From Restaurant to Home Kitchens, What’s On 2025’s Menu?
It’s not a total mystery that most of the food trends we see in social media originate in the restaurant world. And so when it comes to incorporating new concepts and ideas for our clients, our Senior Creative Director, Neil Bertucci, often starts his research by simply going out to eat at different restaurants in and around the Twin Cities. As a former restaurant owner, Neil loves to talk to those he knows in the industry, discover what’s new on their menus, and get a feel for what’s coming down the pipeline. We recently connected with Neil to talk a little more about the lifecycle of food trends and get the lowdown on what’s on deck for 2025.
How do restaurant trends make their way into home kitchens?
To me, it’s a trickle-down effect with the professional restaurant chef at the top of the “trend food chain.” Concepts and ideas often start with restaurants and then are brought into the home cook’s world through social media. A great example is birria tacos. They emerged on the West Coast restaurant scene from Mexico, expanded across the country, and then became a social media trend that’s still super popular right now.
Do trends change once they leave the restaurant world and enter the mainstream?
I see content creators adopting restaurant trends and showing people how to simplify them, so you don’t have to be a professionally trained chef to execute them. They also show ways to locate ingredients that maybe you wouldn’t normally use or find in your usual grocery store, which gives home cooks a reason to explore and experiment with new flavors and concepts that may have been unknown or unfamiliar to them.
What is one of the biggest restaurant-born trends that you are seeing for 2025?
Meatless or plant-based protein is a huge trend right now. As our culture continues to move away from the reliance on only meat-based proteins for various reasons, the restaurant world is definitely accepting this different style of eating and including whole vegan sections on their menus. In fact, if your restaurant isn’t doing some sort of healthier, veggie-based offering, it will be difficult for it to keep up — that’s how much the world has shifted in terms of protein consumption. I traveled to Melbourne a few years ago, which has a great culinary scene, and it was hard to find meat on their menus. It was such a vegan and vegetarian-focused culture even five years ago. I think we’re working up to that in the U.S.
How do you see the plant-based protein trend showing up in 2025?
Smokey flavors are going to make a comeback. They were always popular for meats, especially in restaurants, and they’re already used to infuse craft cocktails but we’ll see them moving into places where you wouldn’t expect it, like beer, pastries, gnocchi, and veggies. Smokey flavors add depth and complexity, making them great for elevating familiar dishes and evoking a sense of nostalgia, which is another trend in and of itself.
Mushrooms are definitely increasing in versatility everywhere. In my opinion, they’ve been an underutilized and often understudied ingredient in American cuisine for so long, but there’s been a lot more interest in them within the last five years. People are way more educated about mushrooms now and are willing to forage and experiment with them. They’re not only a great source of protein that easily mimics meat, but they bring out umami-driven flavors really well, plus they’re really useful for dehydrating, creating sauces, and making stocks.

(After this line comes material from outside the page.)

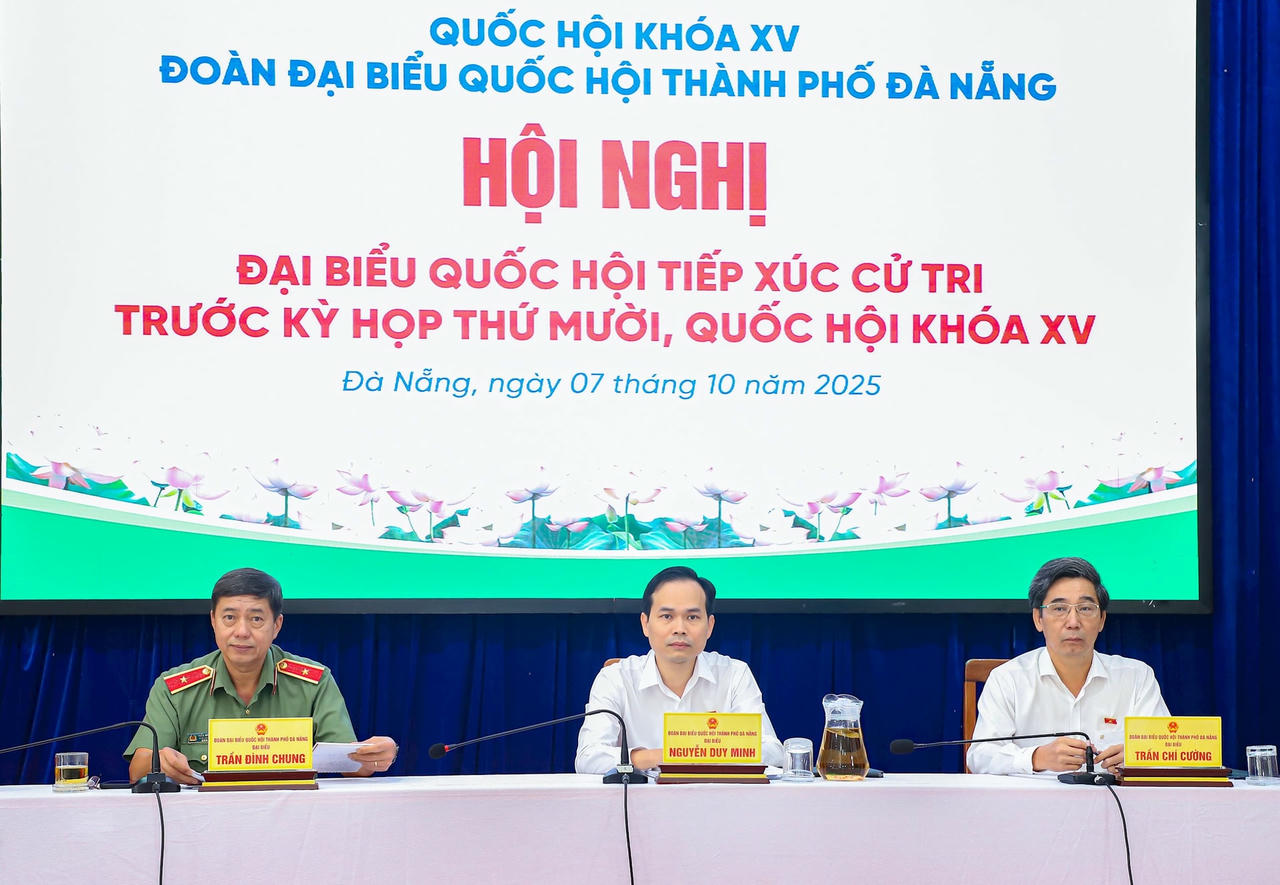 Đại biểu Quốc hội giải đáp nhiều vấn đề cử tri quan tâm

Pickles and pickling will continue to be strong. The art of pickling and preserving never really goes away because it’s so versatile — whatever it is, you can pickle it! Forraging plays a role here too, especially in restaurants. The popularity of foraging for ramps and fiddleheads and things like wild asparagus are a great segue into pickling as well. Bread and butter and dill pickles like the ones your grandma used to make are a great foundation for people to start learning from and then they can experiment from there. It’s a great way to make use of an abundance of fresh ingredients.
Sourdough bread reached peak craze during COVID, but I think we’re starting to see it expand into so many more executions now. The fermentation byproduct of sourdough that contains wild yeasts and healthy bacteria has become an ingredient in things like crackers, baking mixes, and pastas. Restaurants are taking a different approach to sourdough in things like sweets and pastries, such as brownies and bagels — it’s definitely not just for bread anymore.